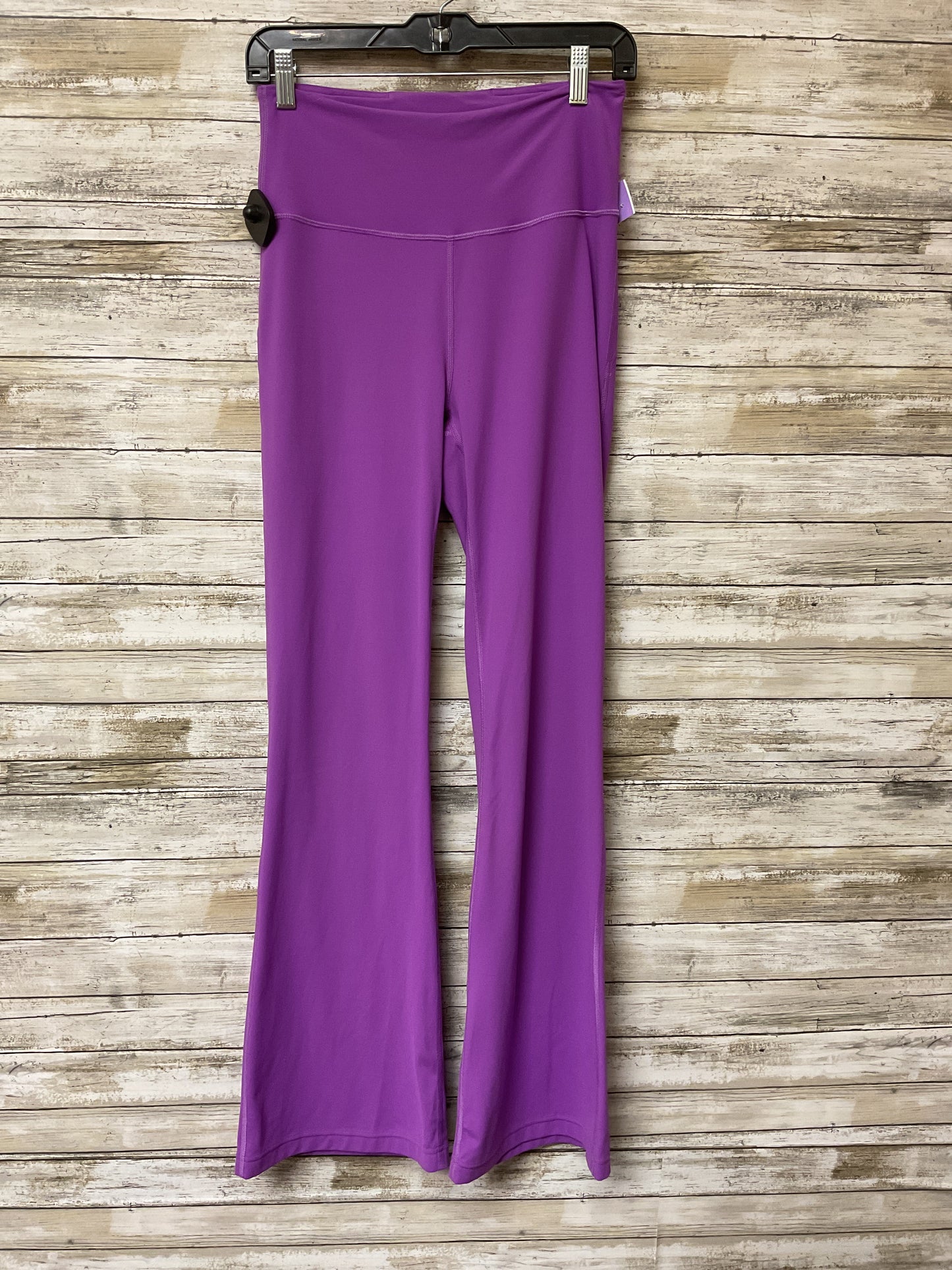Athletic Leggings By Lululemon In Purple, Size:8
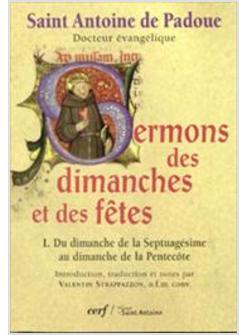SERMONS DES DIMANCHES ET DES FêTES DU DIMANCHE DE LA SEPTUAGéSIME AU DIMANCHE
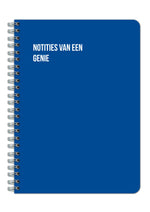 Notitieboek - Notities van een genie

» **What you have to do**
Quote exactly the lines from the line that contains "SERMONS DES DIMANCHES" through the last line of the listing, please, leaving out all pictures.

» **Response area**
SERMONS DES DIMANCHES ET DES FêTES DU DIMANCHE DE LA SEPTUAGéSIME AU DIMANCHE
 Notitieboek - Notities van een genie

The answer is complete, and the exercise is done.